Ice vs. heat for injuries
Dr. Wendy/Hayden Health | Hagadone News Network | UPDATED 10 years, 1 month AGO
One of the most common questions I get in the office is "Should I use ice or heat?" Typically, people are confused about which is better. This decision can be significantly helpful or hurtful, depending on the case.
For a new or acute injury "ice is nice," as it vasoconstricts and pushes out inflammation or swelling. This usually relieves pain and discomfort, even though the initial shock of ice on a cold winter day may not be too appealing to most of us. This is probably why most people will wrongly choose heat as their initial course of self-care. This is generally the wrong choice for a new injury because heat vasodilates, which draws blood into the injured area that is already inflamed and swollen, thus adding more fluid to the injured area. This is like throwing gas on a fire. Heat may feel good initially, but often soon after, increased pain intensity and frequency may occur.
For pain that is chronic, heat can be very helpful, because it relaxes muscles and improves movement by reducing stiffness (but never use heat more than 20 minutes per hour). Leaving heat on for too long can be dangerous, even causing burns with a heating pad left on for hours of continuous use.
When using ice, there are several ways you can apply it. If you only have 5-10 minutes, that is better than nothing. However, an ideal approach is to apply the ice pack as follows: Ice for 20 minutes, off 40 minutes, on 20 minutes, off 40 minutes, etc. for a total of three hours.

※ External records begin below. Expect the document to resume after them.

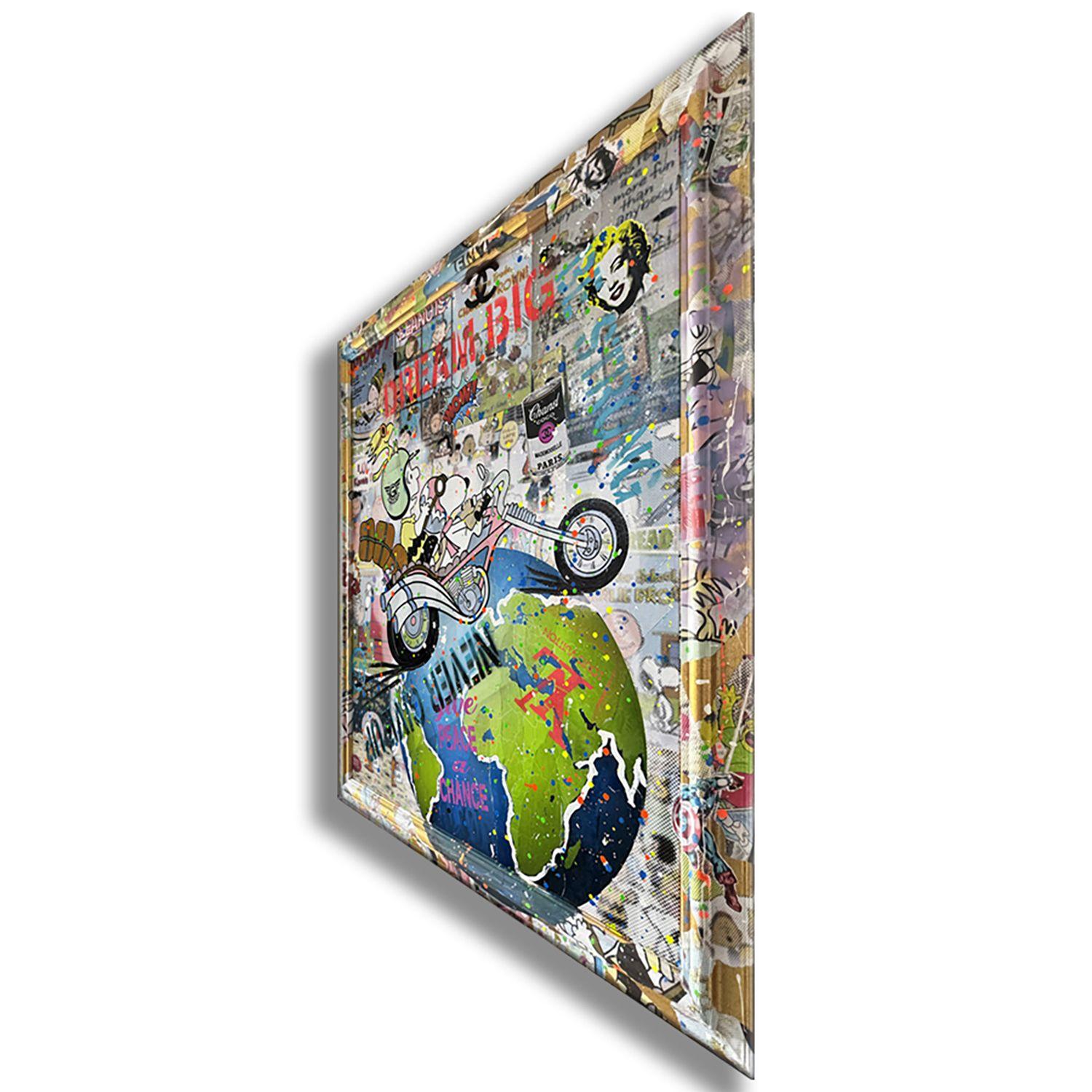 Snoopy Around the Worldâ€“ Original Painting on Canv, Painting, Acrylic on Canva For Sale 2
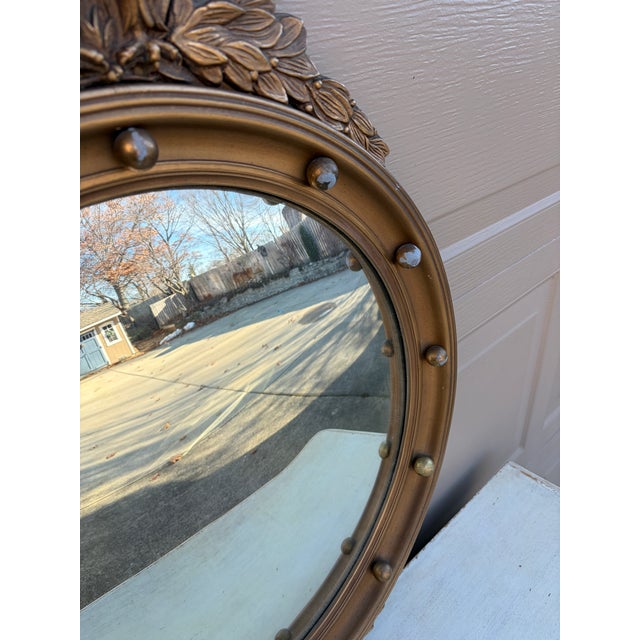 Mid 20th Century American Federal Giltwood Eagle Bullseye Convex Mirror For Sale - Image 5 of 15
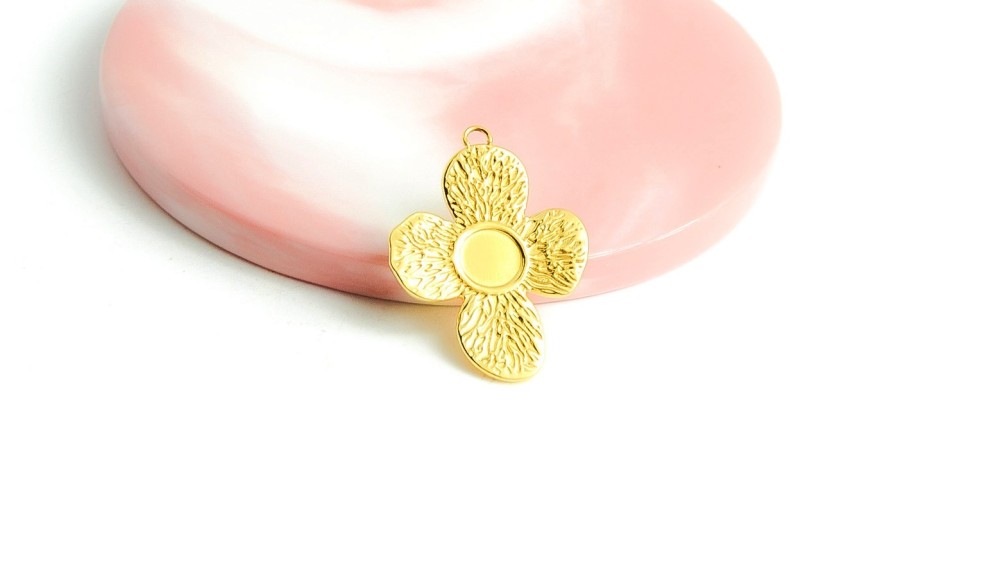 copy of pendentif médaillon support pour cabochon 4mm acier inoxudable plaqué or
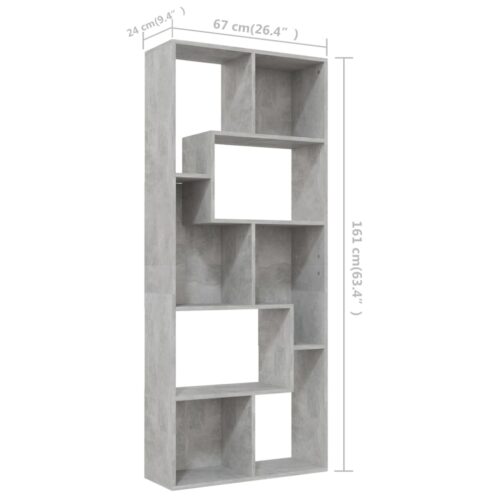 Book Cabinet Concrete Grey 67x24x161cm Engineered Wood - Image 11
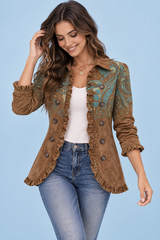 Fitted Brown Leopard Print Jacket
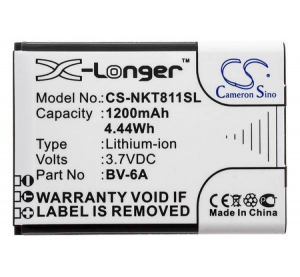 Cameron Sino Nokia BV-6A kompatibilis 3.7V/1200mAh Li-Ion akkumul&aacute;tor (CS-NKT811SL)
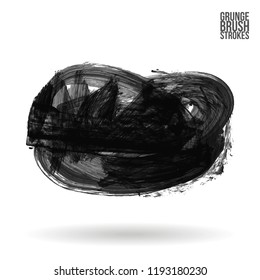 Grey brush stroke and texture. Grunge vector abstract hand - painted element. Underline and border design.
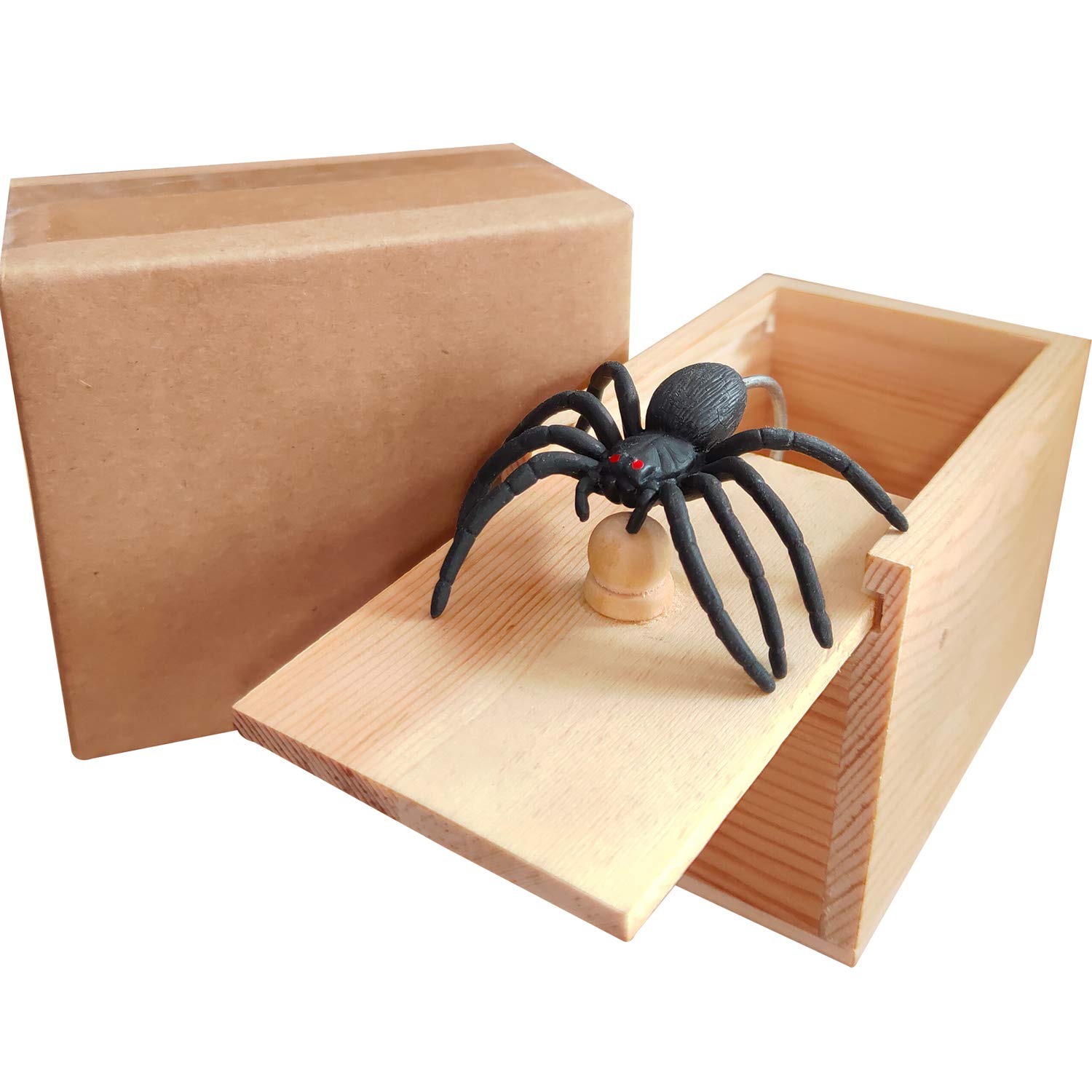 Handmade Wooden Surprise Prank Box with Realistic Rubber Spider - Funny Practical Joke Gift for Friends & Parties - Perfect for Halloween Pranks, Office Gags, and Birthday Surprises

The 40 minutes between icing helps the area to warm up by allowing the blood to come back into the injured area, which prevents frostbite and sets up a pump-like action to remove excess fluid from the area. Another good approach is called contrast therapy, where you alternate ice and heat as follows: Ice for 10 minutes, heat 5 minutes, Ice 10 minutes, heat 5 minutes, and ice 10 minutes for a total time of 40 minutes. This approach creates a stronger pump-like action that pushes out fluids/inflammation (with ice) followed by pulling in fluids (with heat). Both approaches are effective. If you ever feel worse after icing, please stop and contact your doctor, as you may have a unique case or situation.
The timely use of ice after an injury can be very effective for relieving pain and reducing inflammation.